The overall morphological characteristics comprise a mushroom-like protrusion centrally in a shallow, oval depression on the antennal cuticle (Figures 1A,B). We investigated the external morphology of the S. coelocapitula (n = 15) in ten antennae obtained from six different individuals. The average length of the oval depression measures 5.47 μm (SD = 0.25 μm, n = 15) and the width 3.07 μm (SD = 0.27 μm, n = 15). The surface of the central protrusion is of irregular texture and corresponds to the tip of the sensory peg. On average, the protrusion is 1.25 μm (SD = 0.07 μm, n = 15) long and 0.90 μm (SD = 0.06 μm, n = 15) wide. At the antennal surface, the blunt peg is surrounded by a cleft of 0.29 μm in width (SD = 0.08 μm, n = 15, Figure 1B).

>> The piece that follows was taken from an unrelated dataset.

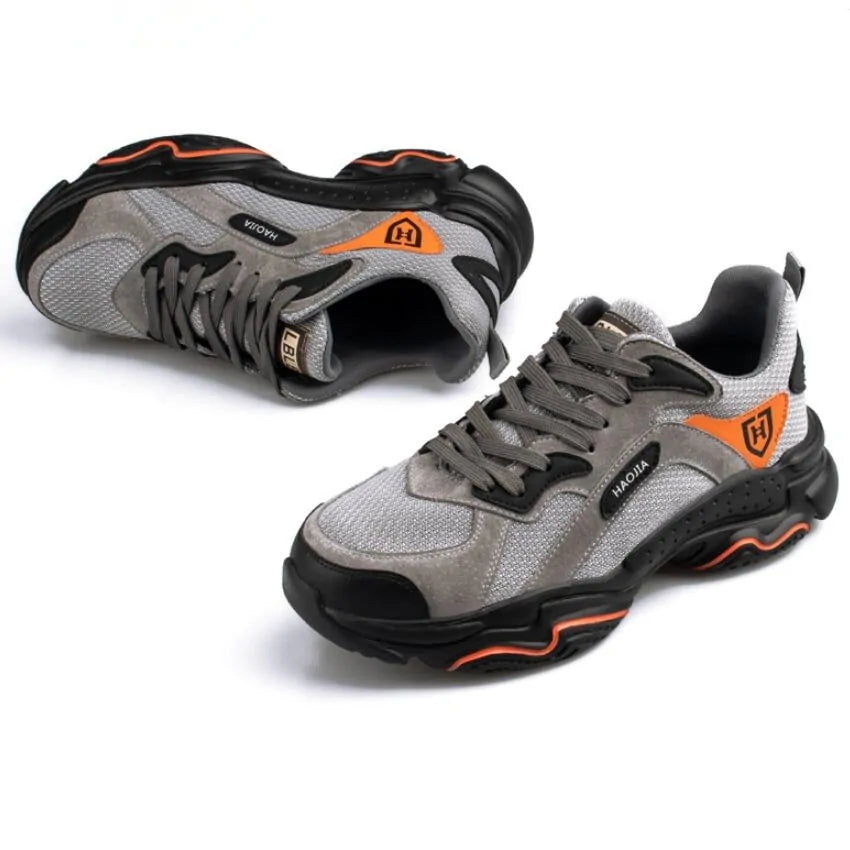 Men Steel Toe Outdoor Safety Work Shoes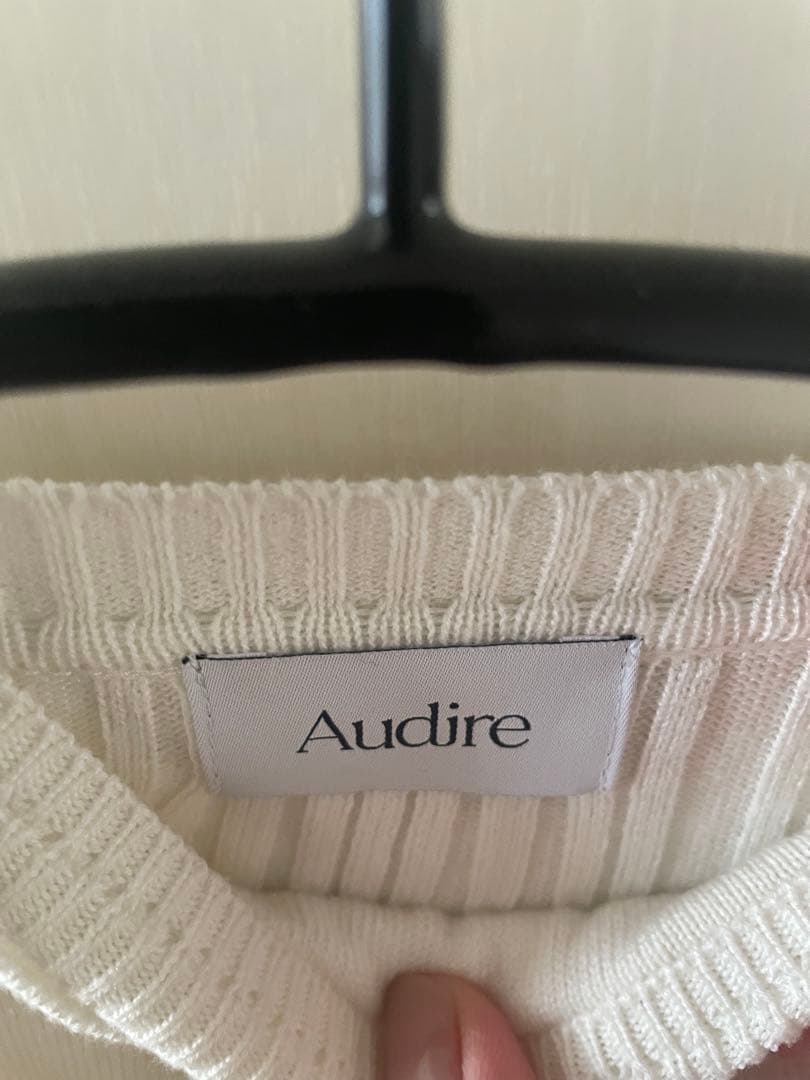 トップス audire Bowtie rib ensemble knit(Ivory)M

Often, two S. coelocapitula appear in close vicinity on the antennal surface (Figure 1B). This typical arrangement of the two sensilla and the classification as peg-in-pit sensilla (Yokohari et al., 1982; Nakanishi et al., 2009) allows the identification of the pit structures at the internal cuticular surface (Figure 1D). We used the most prominent peg-in-pit sensilla (S. coeloconica; Figure 1C) for orientation. The cuticular pits of the S. coeloconica are clearly visible (Figure 1C) and clustered on one side of the antenna. The inner surface of the pits is smooth and the base of the inserted peg can be seen as a small hole at the base of the pit. The cuticular pits of the S. coeloconica allowed the identification of the cluster of the smaller S. coelocapitula, located more distally (Figure 1C). The internal cuticular morphology of S. coelocapitula (n = 6) was investigated in four antennae obtained from three different individuals.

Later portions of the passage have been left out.